Mais, ces postures ne doivent pas cacher la réalité, c'est-à-dire l'extrême fragilité de la possibilité d'atteindre réellement les objectifs indiqués. En effet, le risque est grand que ce projet de loi n'aboutisse sur le plan de la réalité énergétique qu'à des résultats comparables à ceux des lois Grenelle qui affichaient des objectifs ambitieux en matière d'énergie renouvelable d'efficacité énergétique, mais n'ont jamais été atteints.

Rappelons pour mémoire que la loi Grenelle visait 23% d'énergies renouvelables en 2020, niveau dont chacun convient aujourd'hui qu'il ne pourra pas être atteint. Les mêmes causes produisant les mêmes effets, à supposer que la loi soit votée dans les termes du projet, il est malheureusement probable que la France ne change pas grand-chose à son mix énergétique, ce qui du reste est conforme à la position de l'immense majorité de la classe politique française. Il n'est pas évident que si les citoyens français étaient consultés sur la poursuite du programme nucléaire, car c'est bien de cela dont il s'agit, ils répondraient positivement. Et, il n'est pas anodin de noter que la question nucléaire est celle pour laquelle nos concitoyens considèrent être le moins associés.

Dans un sondage TNS Sofres publié à l'occasion du colloque organisé par la commission nationale du débat public sur le citoyen et la décision publique, 85 % des Français considèrent que le nucléaire et l'énergie sont le domaine dans lequel ils peuvent le moins se faire entendre. Il n'en demeure pas moins que l'exercice n'était évidemment pas celui d'une sortie du nucléaire; il devait être celui d'une réduction de sa part, mais l'opposition était si forte et le lobby nucléaire si puissant que l'on comprend que la ministre ait choisi de faire profil bas en affirmant un objectif connu depuis la campagne présidentielle sans prendre le parti de se donner les moyens de l'atteindre.

Dès lors, il est parfaitement malhonnête de la part de ceux qui se déclarent antinucléaires de pavoiser, et ce, pour deux raisons. La première est qu'ils savent parfaitement que Fessenheim ne fermera pas fin 2016 et qu'en vérité rien dans la loi ne rend obligatoire la fermeture de centrales d'ici 2025. Si par exemple, la consommation électrique augmentait considérablement, la part du nucléaire pourrait être de 50% avec le même nombre de centrales.
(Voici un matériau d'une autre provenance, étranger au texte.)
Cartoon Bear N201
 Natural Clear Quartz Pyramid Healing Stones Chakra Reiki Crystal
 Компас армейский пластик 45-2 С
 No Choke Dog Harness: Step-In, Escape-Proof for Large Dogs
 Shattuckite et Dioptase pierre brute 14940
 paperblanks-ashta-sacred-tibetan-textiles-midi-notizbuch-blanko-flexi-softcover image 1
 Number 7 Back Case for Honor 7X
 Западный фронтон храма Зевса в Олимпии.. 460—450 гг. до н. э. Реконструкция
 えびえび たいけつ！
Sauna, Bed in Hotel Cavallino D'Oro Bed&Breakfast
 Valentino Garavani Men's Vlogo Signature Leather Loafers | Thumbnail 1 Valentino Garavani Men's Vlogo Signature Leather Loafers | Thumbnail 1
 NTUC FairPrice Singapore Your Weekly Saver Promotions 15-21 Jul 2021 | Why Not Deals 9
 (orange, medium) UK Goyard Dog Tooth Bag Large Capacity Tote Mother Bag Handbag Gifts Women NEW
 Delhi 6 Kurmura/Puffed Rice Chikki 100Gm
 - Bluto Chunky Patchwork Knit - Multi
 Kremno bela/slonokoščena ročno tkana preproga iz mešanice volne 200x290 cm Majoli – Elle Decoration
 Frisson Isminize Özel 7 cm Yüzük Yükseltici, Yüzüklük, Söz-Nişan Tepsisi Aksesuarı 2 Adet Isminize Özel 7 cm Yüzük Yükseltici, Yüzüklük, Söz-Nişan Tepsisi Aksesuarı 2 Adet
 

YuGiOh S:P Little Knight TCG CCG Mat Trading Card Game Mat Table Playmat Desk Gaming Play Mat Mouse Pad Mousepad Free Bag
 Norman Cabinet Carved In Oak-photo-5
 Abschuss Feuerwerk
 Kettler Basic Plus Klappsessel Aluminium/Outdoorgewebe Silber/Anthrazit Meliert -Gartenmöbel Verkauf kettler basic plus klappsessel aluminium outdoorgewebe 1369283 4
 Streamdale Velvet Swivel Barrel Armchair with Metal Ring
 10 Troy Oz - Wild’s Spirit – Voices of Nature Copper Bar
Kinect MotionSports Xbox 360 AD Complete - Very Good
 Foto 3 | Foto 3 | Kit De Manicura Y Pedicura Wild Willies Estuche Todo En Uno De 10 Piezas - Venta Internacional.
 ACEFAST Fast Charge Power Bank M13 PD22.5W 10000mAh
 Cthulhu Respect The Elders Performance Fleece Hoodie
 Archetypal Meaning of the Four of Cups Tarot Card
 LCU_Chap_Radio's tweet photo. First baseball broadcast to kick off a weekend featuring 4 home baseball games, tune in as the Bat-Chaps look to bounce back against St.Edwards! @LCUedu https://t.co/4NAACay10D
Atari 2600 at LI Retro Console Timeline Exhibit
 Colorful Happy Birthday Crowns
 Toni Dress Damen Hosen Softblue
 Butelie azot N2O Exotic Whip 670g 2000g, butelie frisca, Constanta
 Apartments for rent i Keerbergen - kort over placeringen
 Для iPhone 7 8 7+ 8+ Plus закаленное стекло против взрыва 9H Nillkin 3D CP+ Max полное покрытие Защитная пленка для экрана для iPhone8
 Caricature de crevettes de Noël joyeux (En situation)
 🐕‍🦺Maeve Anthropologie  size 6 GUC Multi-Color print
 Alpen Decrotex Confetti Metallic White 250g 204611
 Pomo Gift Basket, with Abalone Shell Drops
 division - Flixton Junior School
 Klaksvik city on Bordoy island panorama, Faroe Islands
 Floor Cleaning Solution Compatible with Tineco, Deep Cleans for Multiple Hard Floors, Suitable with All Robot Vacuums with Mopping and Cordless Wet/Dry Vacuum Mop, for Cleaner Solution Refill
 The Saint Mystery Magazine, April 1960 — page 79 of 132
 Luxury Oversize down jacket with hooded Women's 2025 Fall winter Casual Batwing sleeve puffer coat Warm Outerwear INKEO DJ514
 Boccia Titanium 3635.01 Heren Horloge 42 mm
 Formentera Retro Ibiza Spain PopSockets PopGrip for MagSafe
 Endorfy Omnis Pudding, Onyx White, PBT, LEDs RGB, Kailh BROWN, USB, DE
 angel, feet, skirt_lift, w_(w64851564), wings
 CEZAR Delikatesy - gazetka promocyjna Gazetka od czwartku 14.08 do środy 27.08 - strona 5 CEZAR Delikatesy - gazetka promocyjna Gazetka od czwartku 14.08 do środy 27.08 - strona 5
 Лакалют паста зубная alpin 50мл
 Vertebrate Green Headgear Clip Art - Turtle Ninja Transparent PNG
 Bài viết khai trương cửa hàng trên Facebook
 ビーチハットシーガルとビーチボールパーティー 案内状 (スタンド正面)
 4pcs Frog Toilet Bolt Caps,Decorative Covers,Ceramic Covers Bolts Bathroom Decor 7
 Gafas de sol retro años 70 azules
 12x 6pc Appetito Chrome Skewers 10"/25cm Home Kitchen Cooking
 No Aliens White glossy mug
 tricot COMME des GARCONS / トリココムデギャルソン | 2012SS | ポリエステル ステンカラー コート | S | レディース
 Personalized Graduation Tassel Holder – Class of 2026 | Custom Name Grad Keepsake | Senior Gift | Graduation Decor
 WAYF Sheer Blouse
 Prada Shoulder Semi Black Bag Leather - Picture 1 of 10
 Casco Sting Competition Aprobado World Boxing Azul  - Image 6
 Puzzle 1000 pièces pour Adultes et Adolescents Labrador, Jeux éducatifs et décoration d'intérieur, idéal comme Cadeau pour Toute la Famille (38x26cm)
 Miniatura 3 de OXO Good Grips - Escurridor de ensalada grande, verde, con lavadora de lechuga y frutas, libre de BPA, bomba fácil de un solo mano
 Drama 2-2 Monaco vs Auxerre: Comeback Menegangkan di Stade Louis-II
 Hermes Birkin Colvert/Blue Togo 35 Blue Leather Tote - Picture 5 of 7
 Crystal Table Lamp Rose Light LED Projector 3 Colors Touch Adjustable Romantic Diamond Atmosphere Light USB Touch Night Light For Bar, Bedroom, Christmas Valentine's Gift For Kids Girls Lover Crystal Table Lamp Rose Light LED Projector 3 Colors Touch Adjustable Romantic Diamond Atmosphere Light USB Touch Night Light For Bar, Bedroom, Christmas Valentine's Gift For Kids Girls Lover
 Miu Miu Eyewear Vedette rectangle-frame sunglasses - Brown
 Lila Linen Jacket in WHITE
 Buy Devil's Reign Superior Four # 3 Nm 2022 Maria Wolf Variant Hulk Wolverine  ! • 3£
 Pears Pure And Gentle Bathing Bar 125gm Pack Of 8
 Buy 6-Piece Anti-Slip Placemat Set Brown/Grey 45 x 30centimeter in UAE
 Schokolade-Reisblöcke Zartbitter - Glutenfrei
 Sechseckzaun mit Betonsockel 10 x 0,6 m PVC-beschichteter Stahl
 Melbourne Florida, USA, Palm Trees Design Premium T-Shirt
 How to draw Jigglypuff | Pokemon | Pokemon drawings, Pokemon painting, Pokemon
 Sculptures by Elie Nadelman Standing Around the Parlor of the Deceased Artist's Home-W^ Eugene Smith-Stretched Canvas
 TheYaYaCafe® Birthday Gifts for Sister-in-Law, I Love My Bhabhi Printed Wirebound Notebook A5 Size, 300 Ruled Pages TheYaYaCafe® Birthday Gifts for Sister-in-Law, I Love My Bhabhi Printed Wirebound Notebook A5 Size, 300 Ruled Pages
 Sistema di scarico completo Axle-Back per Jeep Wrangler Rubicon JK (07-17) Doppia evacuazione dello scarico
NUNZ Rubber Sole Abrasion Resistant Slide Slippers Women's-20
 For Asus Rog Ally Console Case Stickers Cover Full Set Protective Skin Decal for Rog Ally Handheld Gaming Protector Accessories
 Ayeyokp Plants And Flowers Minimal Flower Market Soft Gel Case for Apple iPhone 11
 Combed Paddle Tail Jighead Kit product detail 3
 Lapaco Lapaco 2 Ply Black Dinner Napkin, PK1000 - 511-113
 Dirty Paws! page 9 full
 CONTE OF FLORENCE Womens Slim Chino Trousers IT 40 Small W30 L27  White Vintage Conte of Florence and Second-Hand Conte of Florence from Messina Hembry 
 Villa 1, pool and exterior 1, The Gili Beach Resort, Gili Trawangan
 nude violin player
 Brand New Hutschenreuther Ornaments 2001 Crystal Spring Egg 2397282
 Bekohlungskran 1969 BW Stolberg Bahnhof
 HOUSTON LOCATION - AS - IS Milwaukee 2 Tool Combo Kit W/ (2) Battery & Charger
La sécurité nucléaire n'apparaît pas comme renforcée et la durée de vie de 40 ans comme principe susceptible d'exception, qui aurait fait de la sécurité un impératif prioritaire, n'est pas retenue. C'est donc un échec total pour les Verts et une violation du contrat passé avec le Parti socialiste en 2012. Car, en réalité, affirmer que les centrales ne fermeront que pour autant que d'autres centrales ouvriront, ce qui se traduit par le plafonnement de la production nucléaire, consiste à affirmer que d'autres centrales seront construites, ce qui signifie clairement qu'un nouveau programme nucléaire se dessine.

Faire semblant, comme le font les écologistes, de ne rien voir est profondément malhonnête.

Mais la question essentielle n'est pas celle-là. Elle est celle de savoir si le pari fait par Ségolène Royal que l'incitation à l'efficacité énergétique et au développement des énergies renouvelables grâce notamment à des facilités réglementaires et financières suffira pour atteindre les objectifs de la loi.

En effet, l'absence de tout débat nucléaire dans le Grenelle de l'environnement a fait capoter tout le volet développement des énergies renouvelables; la question de fond est celle de savoir si, dès lors que la réduction de la part du nucléaire dépend du seul bon vouloir d'EDF, la puissance du lobby nucléaire ne sera pas telle que les objectifs de 40% d'énergies renouvelables et de développement massif des technologies de l'efficacité énergétique ne pourront être atteints.

La question mérite d'autant plus d'être posée que l'UMP ne fait pas mystère de son addiction au nucléaire et qu'une alternance en 2017 pourrait de manière extrêmement facile rendre totalement virtuels les objectifs satisfaisants du projet de loi.